_Source material_.
-----

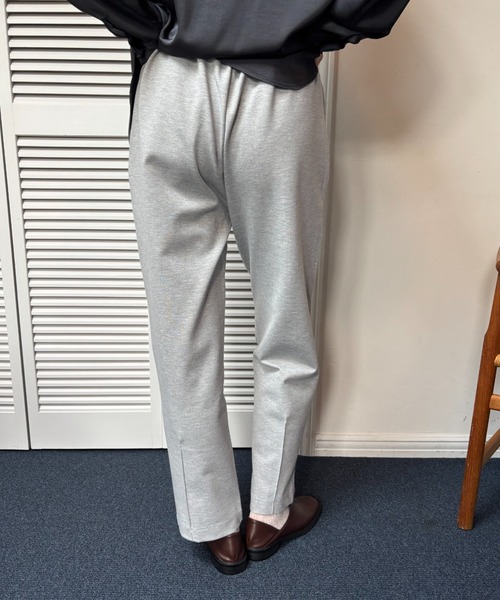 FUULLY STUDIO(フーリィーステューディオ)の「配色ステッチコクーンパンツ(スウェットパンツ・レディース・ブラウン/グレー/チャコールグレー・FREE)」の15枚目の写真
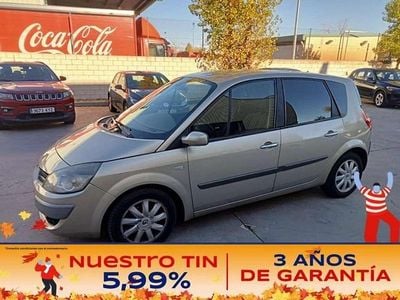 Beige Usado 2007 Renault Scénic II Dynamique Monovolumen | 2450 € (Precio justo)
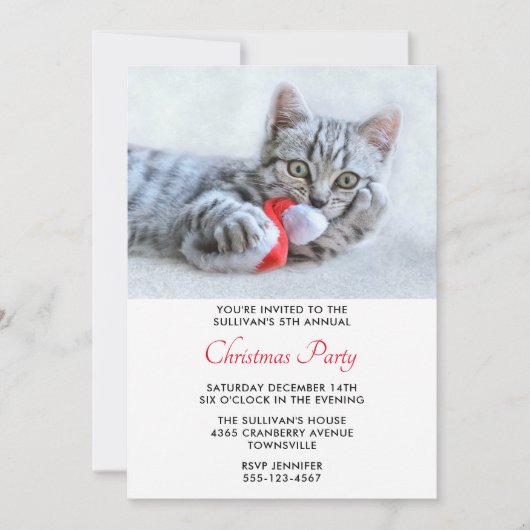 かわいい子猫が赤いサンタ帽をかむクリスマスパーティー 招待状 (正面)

-----

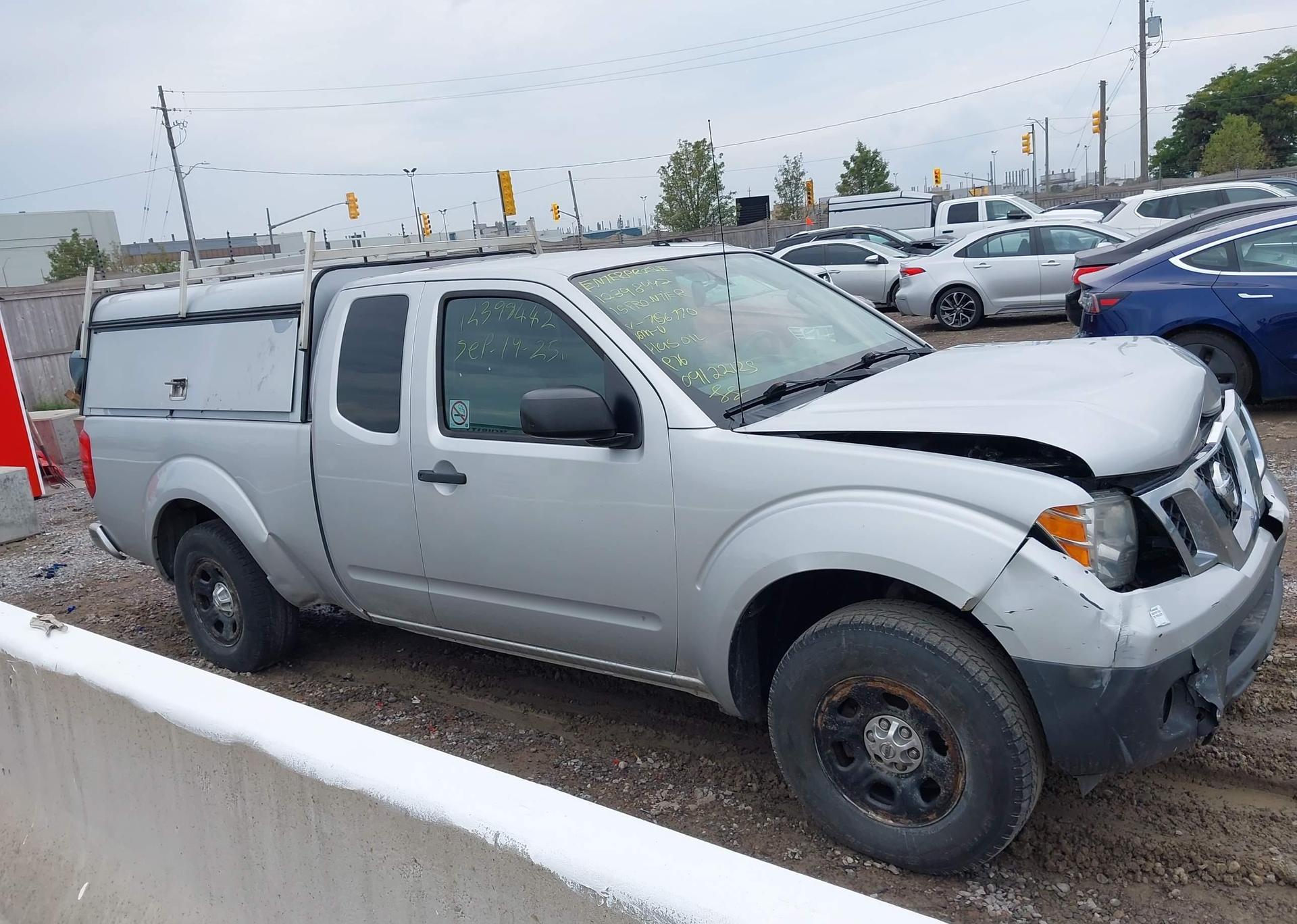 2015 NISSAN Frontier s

-----

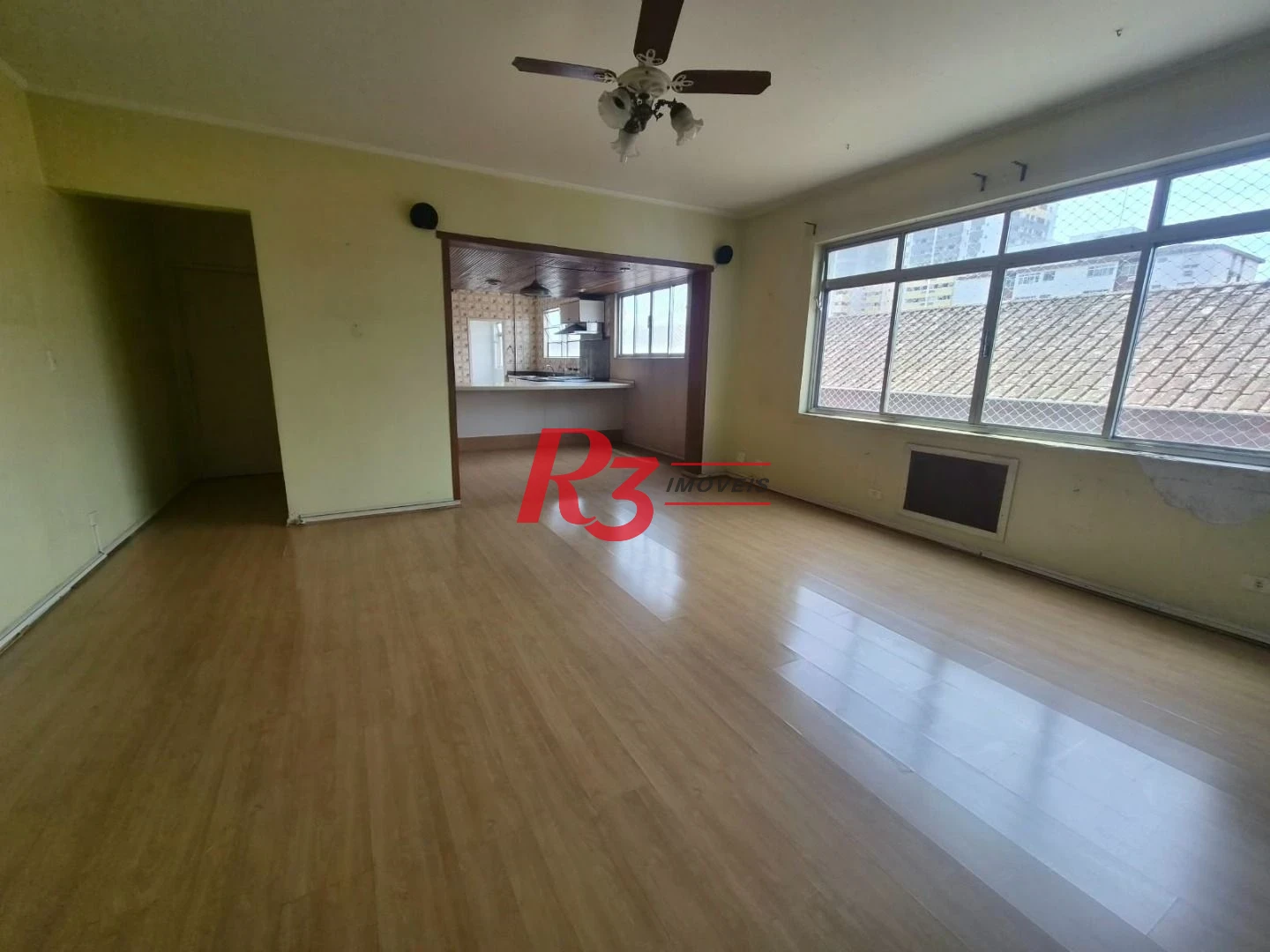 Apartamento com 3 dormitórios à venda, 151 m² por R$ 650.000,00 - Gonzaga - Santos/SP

-----

What's needed is an exact copy of the lines above from the one with "FUULLY STUDIO(フーリィース" through the one with "かわいい子猫が赤いサンタ帽をかむクリスマスパーティー 招待状 (正面)", both included; the pictures stay out.

_Response area_.
 FUULLY STUDIO(フーリィーステューディオ)の「配色ステッチコクーンパンツ(スウェットパンツ・レディース・ブラウン/グレー/チャコールグレー・FREE)」の15枚目の写真
 Beige Usado 2007 Renault Scénic II Dynamique Monovolumen | 2450 € (Precio justo)
 かわいい子猫が赤いサンタ帽をかむクリスマスパーティー 招待状 (正面)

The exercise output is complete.